For Immediate Release
Psychology researchers have found another reason that sleep, mood and stress are important: they affect the extent to which older adults feel they have control over their lives. The findings can inform efforts to improve an individual’s sense of control, which has ramifications for physical, mental and emotional health.
“We found that sleep, mood and stress are all important factors in determining a sense of control and in whether older adults feel they can do the things they want to do,” says Shevaun Neupert, a professor of psychology at NC State and co-author of a paper on the work. “This finding is important because when older adults begin to lose their sense of autonomy, it can lead to changes in behavior that adversely affect their health and well-being.”
For this study, researchers evaluated data on 205 people between the ages of 60 and 94. Study participants provided information on a wide range of psychological variables on eight days across a period of three weeks.
The researchers focused on determining which variables, if any, had an effect on two “control beliefs”: perceived competence, or an individual’s sense that he or she could do the things they wanted to do; and locus of control, or sense that they were in control of their own lives. The researchers found that several variables have a significant effect on both beliefs.
“We found that sleep efficacy – or the belief that one can get a good night’s sleep – was associated with better control beliefs,” Neupert says.
“We also found that positive affect was good for an individual’s control beliefs, while negative affect was bad,” says Shenghao Zhang, a Ph.D. student at NC State and first author of the paper. “In other words, being in a good mood made people feel better about their competence and control, while being in a bad mood made people feel worse about those things.
“Lastly, we found that stressful events on one day had an adverse effect on an individual’s subsequent control beliefs,” Zhang says. “These results suggest that the adverse effect of stressful events can last for more than a day. It would be interesting to conduct additional work to determine how long the effects of stress resonate in regard to control beliefs.”

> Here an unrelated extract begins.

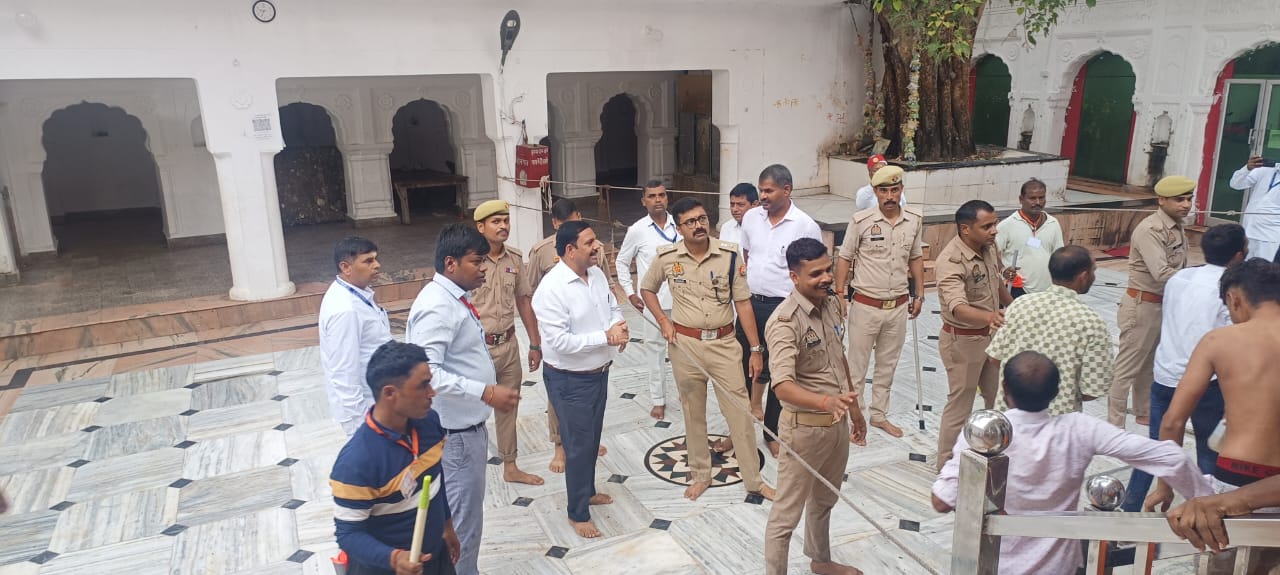 फोटो - मंदिर परिषद में जायजा लेते हुए जिला अधिकारी हुए पुलिस अधीक्षक फोटो - मंदिर परिषद में जायजा लेते हुए जिला अधिकारी हुए पुलिस अधीक्षक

“We know there are things people can do to improve their mood and to improve their sleep,” Neupert says. “And while sleep and mood are things most people think are important, this study highlights a very specific reason that they are important.
“When people think they have little or no control in their lives, they may stop doing some of the everyday things that are important for self-care – because they believe those things don’t matter,” Neupert says. “By acting to improve mood and sleep, older adults may better retain their sense of control and better maintain their quality of life.”
The paper, “Predicting Control Beliefs in Older Adults: A Micro-longitudinal Study,” is published in the Journal of Gerontology: Psychological Sciences. Corresponding author of the paper is Jason Allaire, an associate professor of psychology at NC State. The paper was co-authored by Alyssa Gamaldo, a former Ph.D. student at NC State who is now an assistant professor at Penn State University.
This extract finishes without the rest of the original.